Et il se montre en civil…
Et il se montre également en civil… Maintenant, l’objection principale, c’est que les islamistes ont porté plainte contre lui aux États-Unis pour crime de guerre, crime contre l’humanité. Le Premier ministre pousse la ministre libyenne des Affaires étrangères à déposer formellement une plainte contre lui. Donc la candidature de Haftar est incertaine, mais s’il pouvait se présenter, alors il aurait beaucoup de chances du côté de l’Est et au Sud du pays. À l’Ouest, c’est plus incertain. Donc dans la mesure où les tribus auraient une force de mobilisation importante, c’est peut-être celui qui aurait le plus de chances, en réalité, avec les incertitudes en Tripolitaine et les capacités de résistance des islamistes, qui sont fermement opposés à Haftar.
Et toujours à l’Est du pays, quelles seraient les chances du président du Parlement de Tobrouk, Aguilla Saleh ?
C’est difficile à dire, parce qu’en fait, c’est un personnage assez controversé, très habile quand même, très manœuvrier… Mais à mon avis, objectivement, il n’a pas énormément de chances.
Dix ans après la mort du colonel Kadhafi, est-ce qu’un membre du clan Kadhafi pourrait revenir sur la scène politique ?
Il y a des possibilités, pour Saïf al-Islam Kadhafi, de revenir sur la scène politique, mais avec beaucoup de réserves. C’est-à-dire qu’il y a quand même le veto des États-Unis, peut-être aussi de la France, de la Grande-Bretagne, il y a toujours la Cour pénale internationale, qui cherche à le juger… Donc c’est une situation un peu confuse, mais il y a quand même, pour Saïf al-Islam Kadhafi, un soutien de la part d’une grande partie des tribus libyennes – je pense que c’est un fait – et de la part d’une partie de la jeunesse. S’il se présentait à ces élections, il aurait quand même de fortes chances, dans la mesure où on ne peut pas exclure non plus une alliance entre lui et le maréchal Haftar, ça ce n’est pas impossible. Mais il y a le veto américain, il y a la Cour pénale internationale et les islamistes aussi, qui n’en veulent pas, en réalité.

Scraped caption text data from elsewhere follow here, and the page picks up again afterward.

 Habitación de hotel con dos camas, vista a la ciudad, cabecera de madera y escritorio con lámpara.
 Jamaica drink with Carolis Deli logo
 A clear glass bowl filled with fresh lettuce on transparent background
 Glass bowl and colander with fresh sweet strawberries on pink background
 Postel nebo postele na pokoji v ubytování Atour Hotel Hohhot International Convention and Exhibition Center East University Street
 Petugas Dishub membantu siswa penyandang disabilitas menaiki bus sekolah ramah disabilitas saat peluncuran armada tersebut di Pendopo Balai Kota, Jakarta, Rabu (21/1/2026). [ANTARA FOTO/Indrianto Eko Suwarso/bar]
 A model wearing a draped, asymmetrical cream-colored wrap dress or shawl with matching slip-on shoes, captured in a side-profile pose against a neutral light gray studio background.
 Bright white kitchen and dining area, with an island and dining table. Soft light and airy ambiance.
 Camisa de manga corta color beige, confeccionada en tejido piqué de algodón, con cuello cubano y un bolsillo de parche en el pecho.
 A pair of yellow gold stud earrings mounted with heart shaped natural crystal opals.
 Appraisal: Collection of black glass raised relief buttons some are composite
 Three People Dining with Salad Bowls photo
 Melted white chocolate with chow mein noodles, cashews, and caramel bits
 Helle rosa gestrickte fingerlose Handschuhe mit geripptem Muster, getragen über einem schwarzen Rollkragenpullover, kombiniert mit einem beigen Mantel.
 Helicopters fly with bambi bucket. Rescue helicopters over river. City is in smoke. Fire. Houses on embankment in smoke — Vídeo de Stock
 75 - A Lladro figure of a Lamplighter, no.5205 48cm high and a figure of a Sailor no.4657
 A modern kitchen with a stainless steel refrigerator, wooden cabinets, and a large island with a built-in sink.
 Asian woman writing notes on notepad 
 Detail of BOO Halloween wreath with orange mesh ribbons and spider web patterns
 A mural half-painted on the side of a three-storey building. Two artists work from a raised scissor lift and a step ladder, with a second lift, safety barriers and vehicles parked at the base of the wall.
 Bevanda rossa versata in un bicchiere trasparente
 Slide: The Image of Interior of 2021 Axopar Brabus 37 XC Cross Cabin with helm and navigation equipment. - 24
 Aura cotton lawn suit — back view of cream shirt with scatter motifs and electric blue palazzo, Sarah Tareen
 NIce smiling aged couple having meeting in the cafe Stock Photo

Et les milices libyennes dans tout cela ?
Eh bien ces milices, une grande partie reste encore armée et constitue une menace, même encore aujourd’hui. Cela, c’est vraiment une des difficultés, parce qu’à supposer que les élections puissent avoir lieu, élections – comme vous savez – que les islamistes ne veulent pas organiser, on peut supposer qu’ils n’accepteraient pas les résultats et, dans cette perspective-là, les milices proches des islamistes pourraient reprendre leurs activités, en tout cas en Tripolitaine.